When using a post-processor that adds special tokens, account for the tokens it adds. Use Post_processor.added_tokens to calculate the budget:

open Brot

let post = Post_processor.bert ~cls:("[CLS]", 1) ~sep:("[SEP]", 2) ()
let added_single = Post_processor.added_tokens post ~is_pair:false (* 2 *)
let added_pair = Post_processor.added_tokens post ~is_pair:true    (* 3 *)

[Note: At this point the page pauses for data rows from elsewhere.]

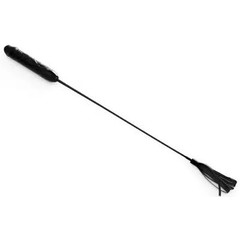  Чёрный стек с кисточками на конце и ручкой-фаллосом 62 см 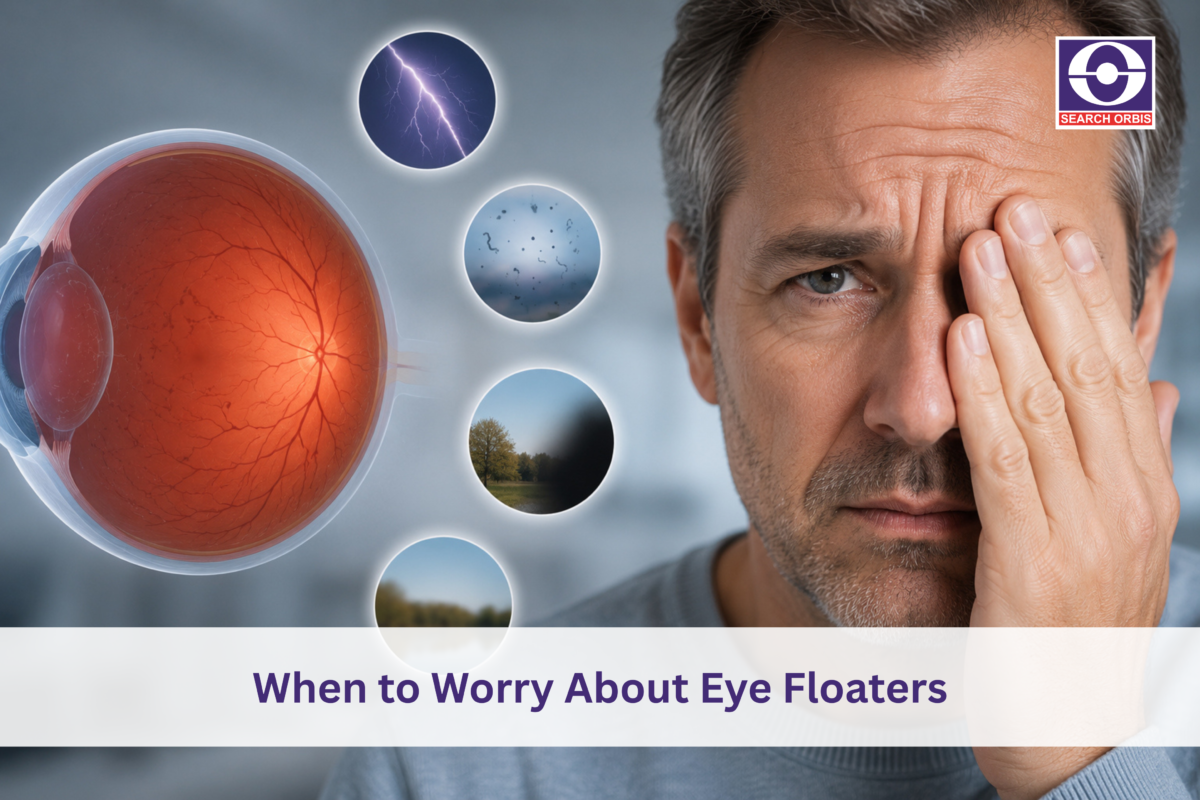 Man covering one eye with illustration of eye floaters and warning signs such as flashes of light and vision loss.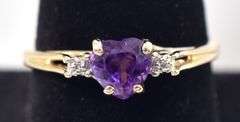Loveable 10K Yellow Gold Amethyst Gemstone and Diamond Ring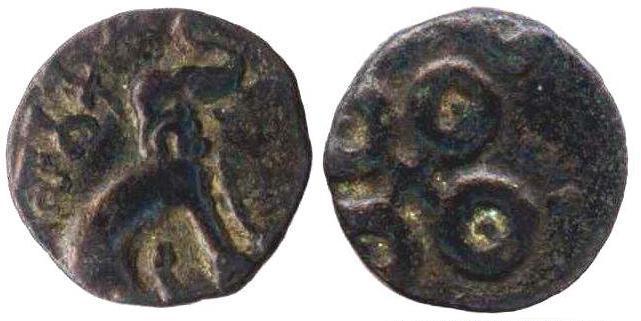 Early Satavahana coinage, Satakarni issue, Maharashtra – Vidarbha type, 1st century BCE.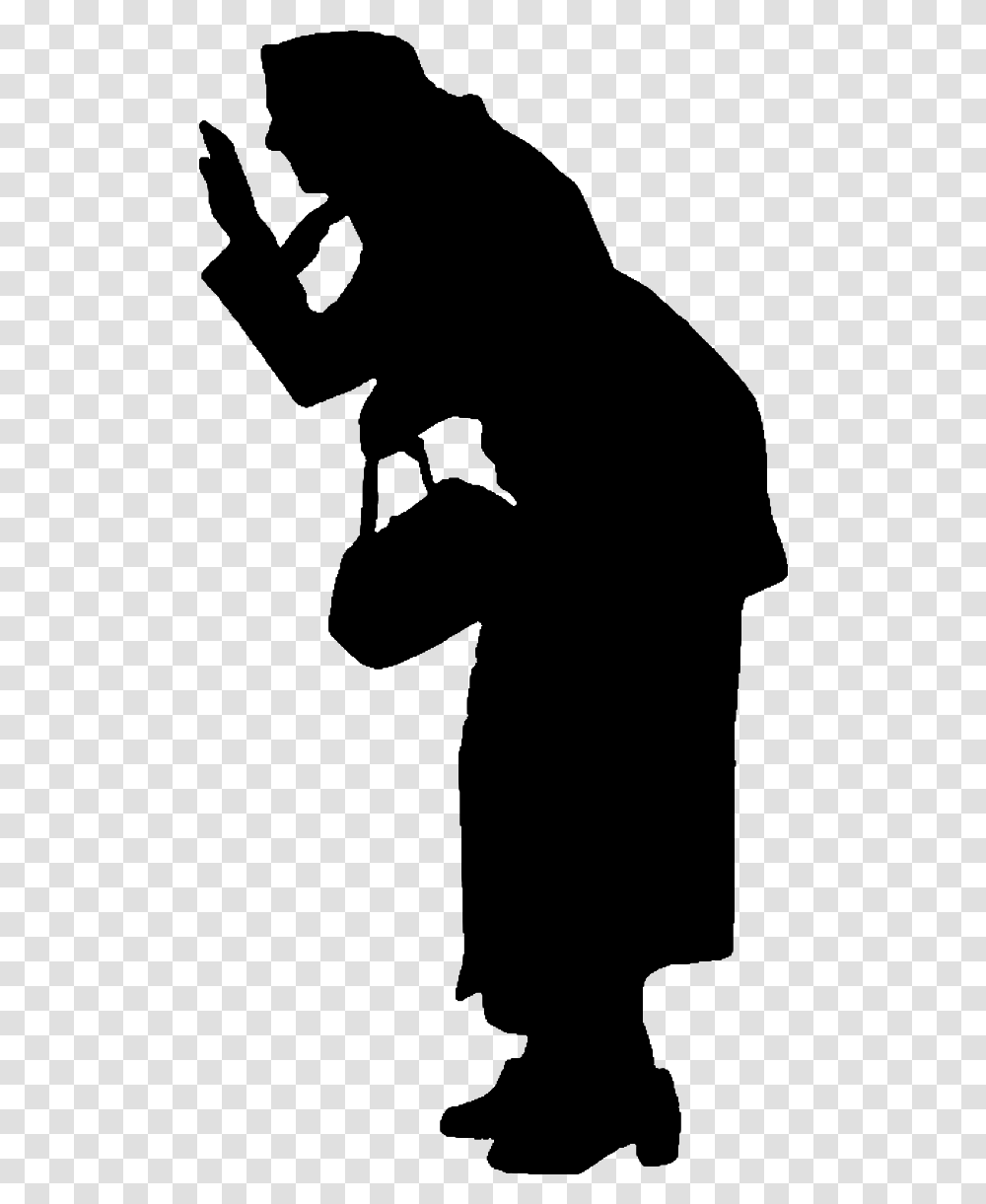 Silhouette Woman Old Age Human Behavior Image Old Woman Silhouette, Gray, World Of Warcraft Transparent Png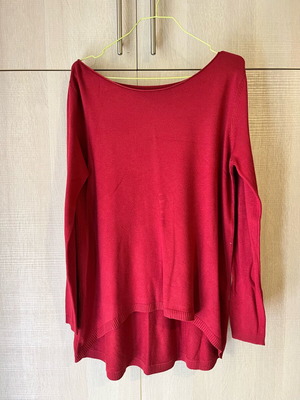 Women's long-sleeve red blouse used, asymmetrical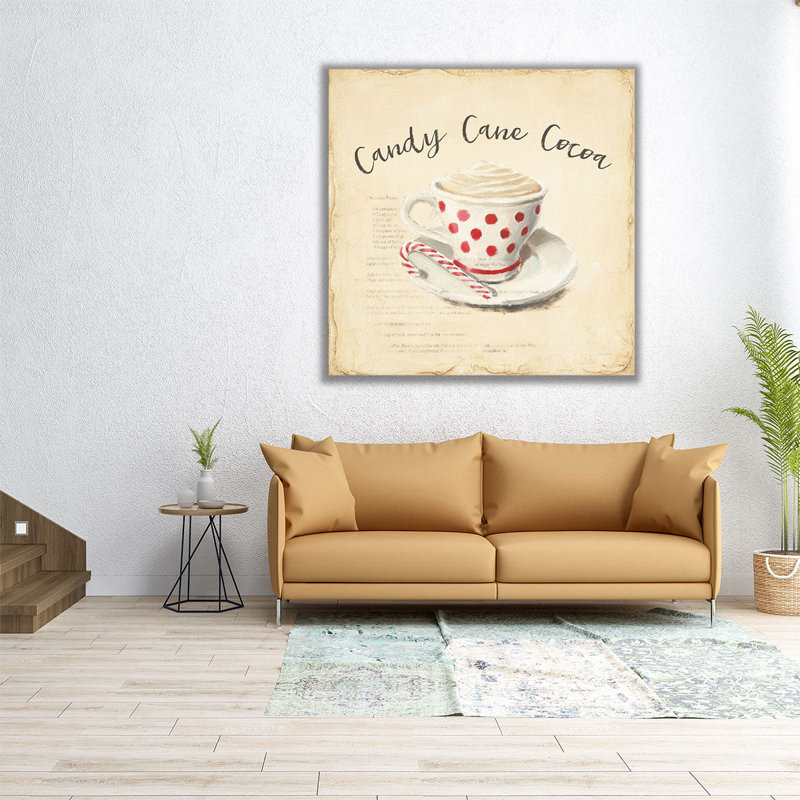 Crème de Noël «Candy Cane», reproduction d'art sur toile, H 12 po x l 12 po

Padding and Truncation Together

The common pattern for model input: truncate long sequences and pad short ones to a uniform length:

open Brot

let tokenizer =
  word_level
    ~vocab:
      [ ("[PAD]", 0); ("[UNK]", 1); ("the", 2); ("cat", 3);
        ("sat", 4); ("on", 5); ("a", 6); ("mat", 7);
        ("dog", 8); ("ran", 9); ("fast", 10) ]
    ~specials:(List.map special [ "[PAD]"; "[UNK]" ])
    ~pre:(Pre_tokenizer.whitespace ())
    ~unk_token:"[UNK]" ~pad_token:"[PAD]" ()

let encodings =
  encode_batch tokenizer
    ~truncation:(truncation 4)
    ~padding:(padding (`Fixed 4))
    [ "the cat sat on a mat"; "the dog ran"; "cat" ]
(* All encodings have exactly 4 tokens.
   Long sequences are truncated, short ones are padded.
   attention_mask distinguishes real tokens (1) from padding (0). *)
let masks = List.map Encoding.attention_mask encodings

Offsets and Alignment

Encoding.offsets maps each token back to its (start, end) byte span in the original text. This is useful for tasks like named entity recognition where you need to extract the source text for each token:

open Brot

let tokenizer =
  wordpiece
    ~vocab:
      [ ("[UNK]", 0); ("hello", 1); ("world", 2);
        ("play", 3); ("##ing", 4) ]
    ~pre:(Pre_tokenizer.whitespace ())
    ~decoder:(Decoder.wordpiece ())
    ~unk_token:"[UNK]" ()

let text = "hello playing world"
let enc = encode tokenizer text
let offsets = Encoding.offsets enc
(* offsets.(0) = (0, 5)   -> "hello"
   offsets.(1) = (6, 13)  -> "playing" (start of "play")
   offsets.(2) = (6, 13)  -> "playing" (extent of "##ing")
   offsets.(3) = (14, 19) -> "world" *)

(* Extract source span for a token *)
let start, end_ = offsets.(0)
let source = String.sub text start (end_ - start) (* "hello" *)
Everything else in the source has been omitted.